• Records shown
★ ★ ★ ★ ★ ★ ★
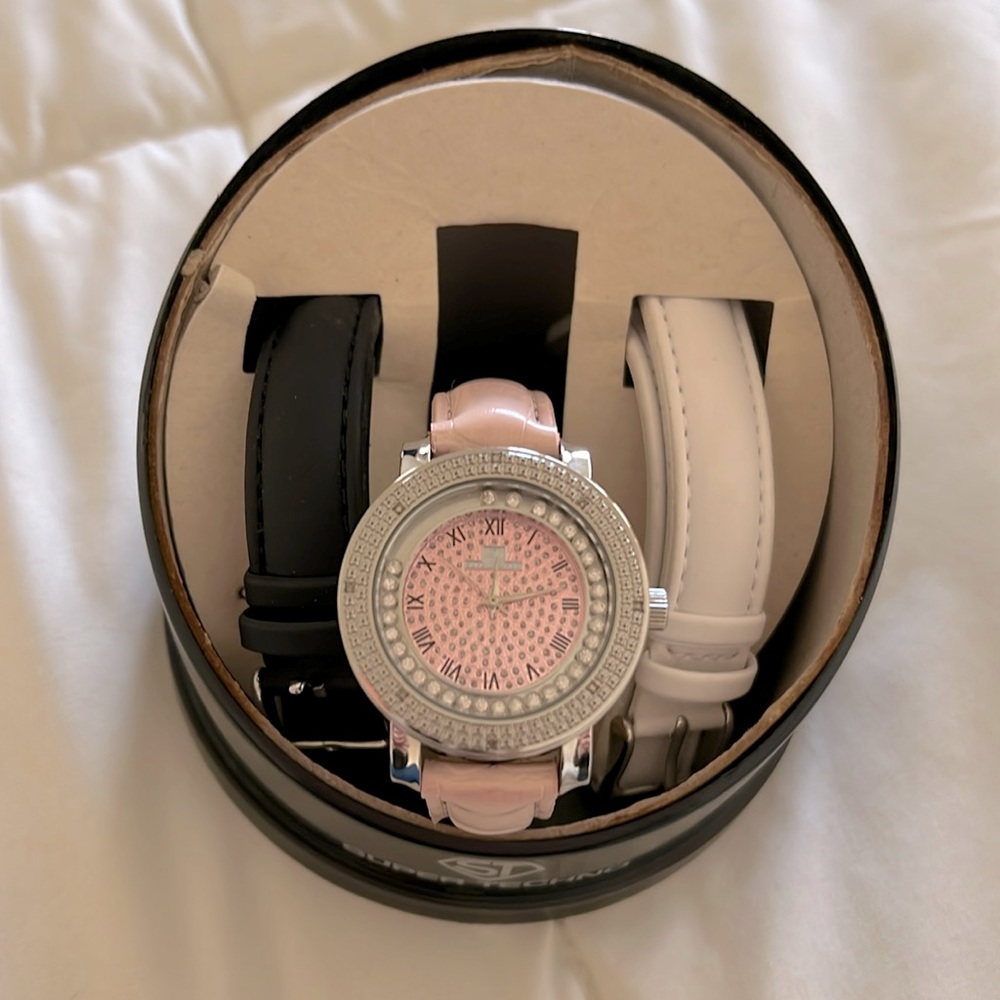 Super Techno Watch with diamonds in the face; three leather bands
★ ★ ★ ★ ★ ★ ★
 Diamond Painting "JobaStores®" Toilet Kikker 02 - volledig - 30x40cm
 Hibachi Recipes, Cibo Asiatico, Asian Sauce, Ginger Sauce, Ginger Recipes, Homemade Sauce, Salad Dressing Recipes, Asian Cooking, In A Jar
★ ★ ★ ★ ★ ★ ★
• Description of the task
In the listing above, find the line with "volledig - 30x40cm" and the line with "Hibachi Recipes, Cibo". Output those two lines and every line between them, exactly as written.

• Exercise solution
 Diamond Painting "JobaStores®" Toilet Kikker 02 - volledig - 30x40cm
 Hibachi Recipes, Cibo Asiatico, Asian Sauce, Ginger Sauce, Ginger Recipes, Homemade Sauce, Salad Dressing Recipes, Asian Cooking, In A Jar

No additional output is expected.